Optimizing the costs of your AKS cluster: Comprehensive FinOps Guide
By Lionel Gurret.
Introduction
Determining the Cost of an AKS Infrastructure
To determine the cost of an Azure Kubernetes Service (AKS) cluster and explore the various factors that can help optimize your monthly bill, it’s essential to first understand which elements will be directly or indirectly billed.
Free Components of an AKS Infrastructure
In an AKS infrastructure, some components are provided for free by Microsoft.
The Control Plane, which handles orchestration and node management, is one of these elements.
Likewise, the Managed Identity required for security and authentication operations is also provided at no additional cost.

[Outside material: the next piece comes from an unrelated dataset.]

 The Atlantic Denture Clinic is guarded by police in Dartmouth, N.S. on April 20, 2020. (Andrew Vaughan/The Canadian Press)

Finally, AKS extensions such as Open Cluster Management (OCM) and Container Storage Interface (CSI) drivers are included at no extra charge.
Basic Costs of an AKS Cluster
Virtual Machines, whether used for system or user workloads, incur costs based on their size and quantity.
Load balancers and associated IP addresses are also billed in the case of a public cluster.
Similarly, network traffic between Availability Zones incurs fees, as does the use of a Standard plan for the control plane.
In the case of a private cluster, consider the costs of traffic to private endpoints (Endpoints).
Costs Not to Forget
Other costs that should not be overlooked include expenses related to setting up virtual network peering (VNET Peering) with a central network (Hub network).
You should also consider in your bill the potential use of an Application Gateway as an Ingress Controller, storing secrets and certificates in Azure Key Vault, as well as the costs associated with collecting logs and metrics.
Additionally, using persistent volumes based on Azure Disk, Blob, or File incurs fees, as does backing up the cluster itself!
You can estimate these costs before getting started using the Azure Pricing Calculator.
Now that we’ve outlined the various mandatory and potential costs of an AKS cluster, let’s move on to optimizing our bill in a FinOps approach.
Optimizing Direct Kubernetes-Related Costs
Optimized Images
Efficient management of Docker images is essential to optimize costs directly associated with your Kubernetes environment. By reducing image size and improving performance, you can decrease storage consumption and resource usage, resulting in long-term savings.
Documentation related to this optimization |
---|
How to build small images |
Pod and Node Scalability
Next, Horizontal Pod Autoscaling (HPA) is a powerful tool for optimizing Kubernetes resources. By configuring autoscaling rules based on workload, you enable the cluster to dynamically adapt to your application’s needs.
Furthermore, Node Autoscaling is an important feature to leverage. In AKS, you can configure node pool autoscaling based on your application’s demand.
By automatically adjusting the number of pods and nodes in response to workload, you ensure optimal resource utilization and avoid paying for unused resources.
Vertical Pod Autoscaler (VPA) is a lesser-known feature that could also help in this situation. Instead of hardcoding CPU/Memory values in your deployment YAML (or any other Kubernetes resource), VPA finds the right value based on the 90th percentile (P90) using internal metrics or Prometheus metrics.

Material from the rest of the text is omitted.